### Problem
Among the entries below, one line contains "Jam Tangan Fashion Pria FOSSIL Machine" and another contains "Lipasa de Candida". Transcribe those two lines and every line between them, exactly.

### Data in this exercise
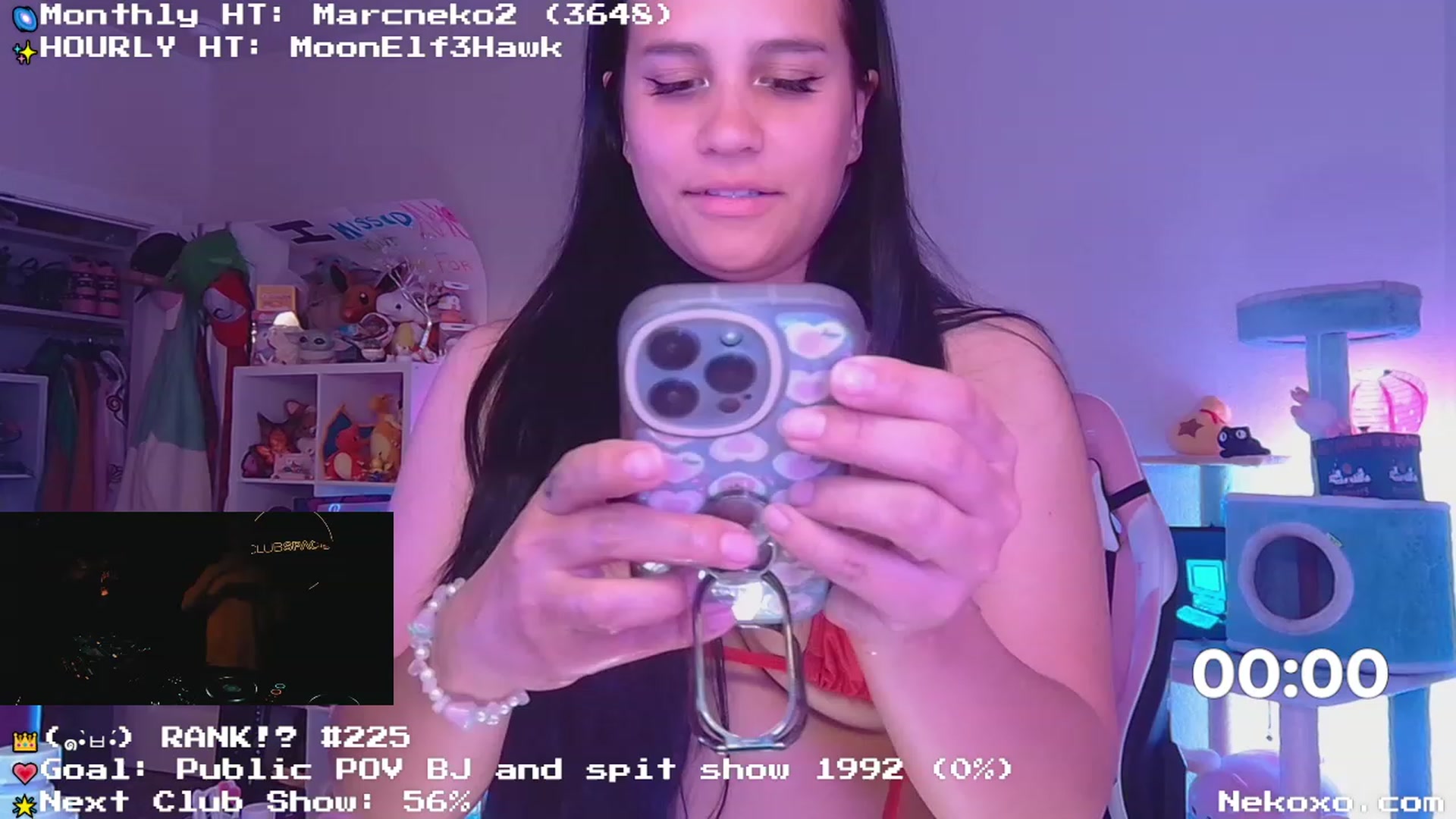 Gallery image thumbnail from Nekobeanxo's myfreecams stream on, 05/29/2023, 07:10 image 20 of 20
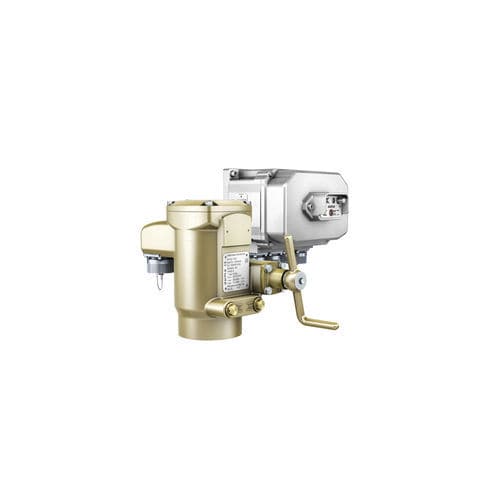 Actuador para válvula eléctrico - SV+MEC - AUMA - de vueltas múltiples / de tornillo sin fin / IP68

* * *

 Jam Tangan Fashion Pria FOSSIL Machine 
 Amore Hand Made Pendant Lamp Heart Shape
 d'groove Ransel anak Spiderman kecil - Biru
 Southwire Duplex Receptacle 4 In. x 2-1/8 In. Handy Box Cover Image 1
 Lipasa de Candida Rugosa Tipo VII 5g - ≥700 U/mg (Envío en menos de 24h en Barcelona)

==

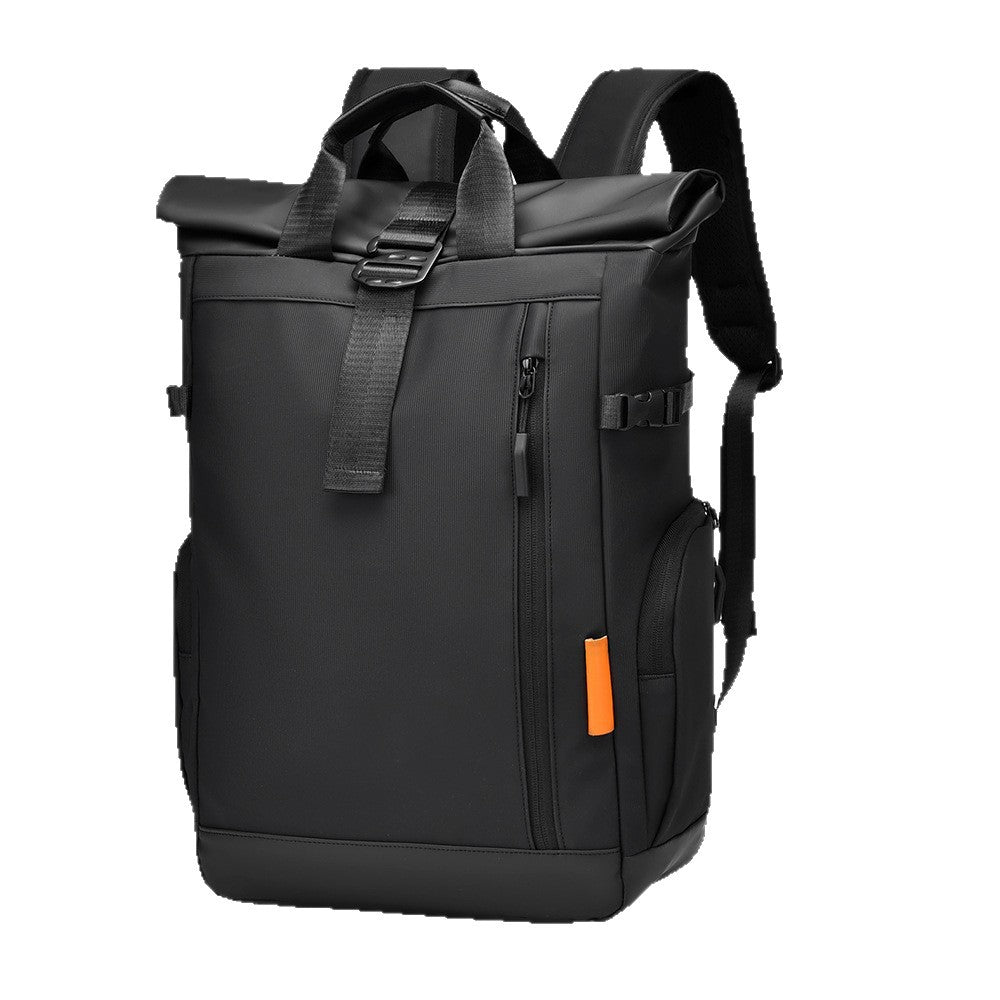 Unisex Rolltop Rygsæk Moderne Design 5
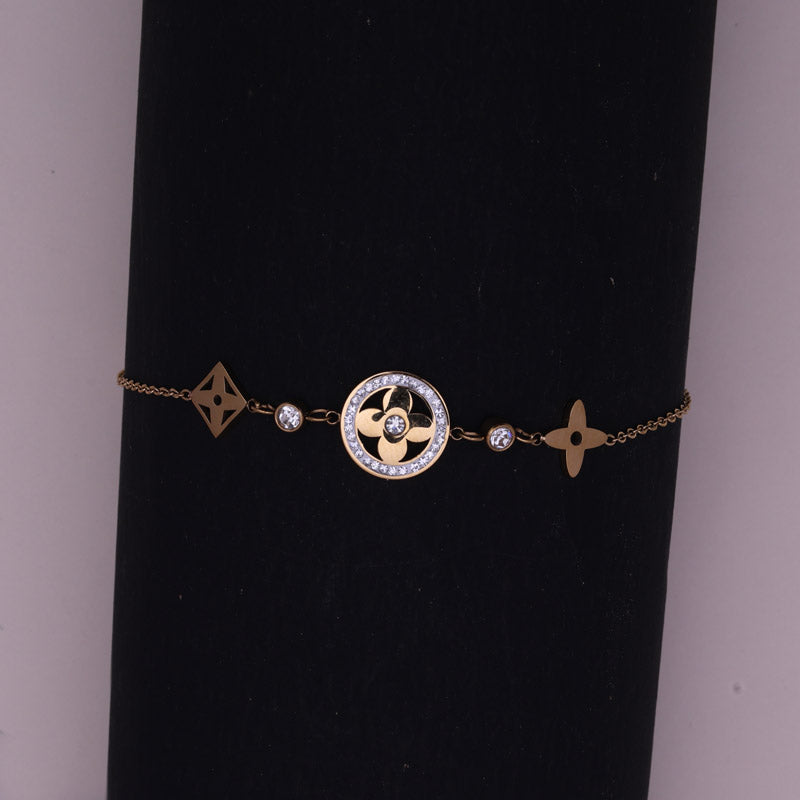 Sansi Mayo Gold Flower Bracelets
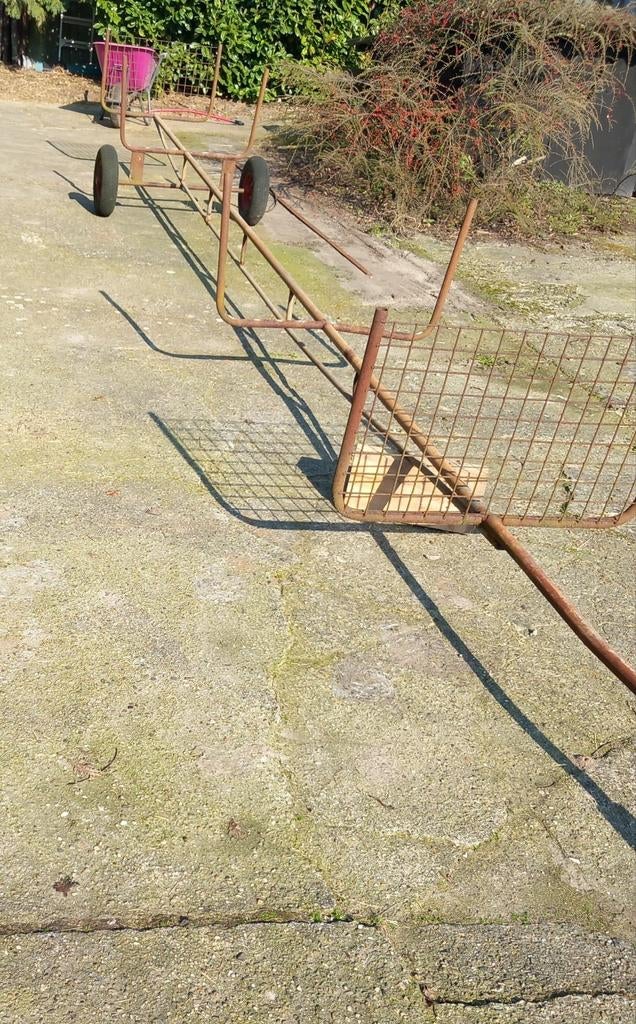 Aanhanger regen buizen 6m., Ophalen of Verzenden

### Exercise result
 Jam Tangan Fashion Pria FOSSIL Machine 
 Amore Hand Made Pendant Lamp Heart Shape
 d'groove Ransel anak Spiderman kecil - Biru
 Southwire Duplex Receptacle 4 In. x 2-1/8 In. Handy Box Cover Image 1
 Lipasa de Candida Rugosa Tipo VII 5g - ≥700 U/mg (Envío en menos de 24h en Barcelona)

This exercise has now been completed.